CaseLines is delighted to congratulate the Crown Prosecution Service, winners of the ‘Going Paperless Project of the Year Award 2017’ for digital working in the Crown Courts with DCS and Digital service of the IDPC.
Mark Gray, Director of Digital Transformation at the CPS, said:
“I’m absolutely delighted that we have won this prestigious award. It is a testament to the hard work of everyone across the CPS in adopting and embracing digital working. We are all very proud that our progress has been recognised in this way.“
The Paperless Awards recognise UK Public Sector bodies and their commercial partners who are making exceptional progress towards creating a paperless environment. As winners of Project of the Year, the CPS has been recognised for outstanding progress towards operating without paper.

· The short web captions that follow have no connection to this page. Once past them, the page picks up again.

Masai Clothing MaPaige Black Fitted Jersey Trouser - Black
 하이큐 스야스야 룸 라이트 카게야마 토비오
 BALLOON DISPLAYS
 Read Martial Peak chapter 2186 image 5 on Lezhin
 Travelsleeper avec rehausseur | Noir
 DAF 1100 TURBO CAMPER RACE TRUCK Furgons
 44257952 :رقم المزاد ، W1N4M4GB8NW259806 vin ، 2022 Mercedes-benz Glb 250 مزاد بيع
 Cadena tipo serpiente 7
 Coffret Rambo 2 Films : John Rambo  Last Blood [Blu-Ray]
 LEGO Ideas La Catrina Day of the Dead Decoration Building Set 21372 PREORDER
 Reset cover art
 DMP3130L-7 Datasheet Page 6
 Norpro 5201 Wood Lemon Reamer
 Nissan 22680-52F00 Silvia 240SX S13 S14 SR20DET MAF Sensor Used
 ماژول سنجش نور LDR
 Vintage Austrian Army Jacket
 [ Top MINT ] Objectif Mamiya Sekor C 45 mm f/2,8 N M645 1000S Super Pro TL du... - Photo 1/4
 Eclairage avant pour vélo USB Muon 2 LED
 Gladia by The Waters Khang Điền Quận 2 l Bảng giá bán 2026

It’s an exciting time to be part of creating the digital court space as new technology affects both work efficiency and environmental health. CaseLines is proud to be part of this revolution, providing thousands of users in the CPS with the tools they need to work efficiently. Already more than 40 million pages of evidence are stored on the Digital Case System saving precious natural resources and countless hours spent printing paper court files.
Before the Digital Case System, paper files would have been copied multiple times for use in court. Now all those files are available to lawyers and judges in a single, universally accessible, digital courtroom – so files never need to be duplicated again. This multiplies the paper savings for the CPS and all CaseLines’ many other users, pushing further towards a fully paperless UK justice system.
David Jackson, Managing Director of CaseLines says: “We are thrilled by the success of our colleagues in the CPS and honoured to be working with them. Thanks to forward-looking institutions such as the CPS, CaseLines is demonstrating just how effective digital solutions can be. The CPS is a Pathfinder, lighting the way for court services around the world to reap similar benefits through cloud-based digital courts.”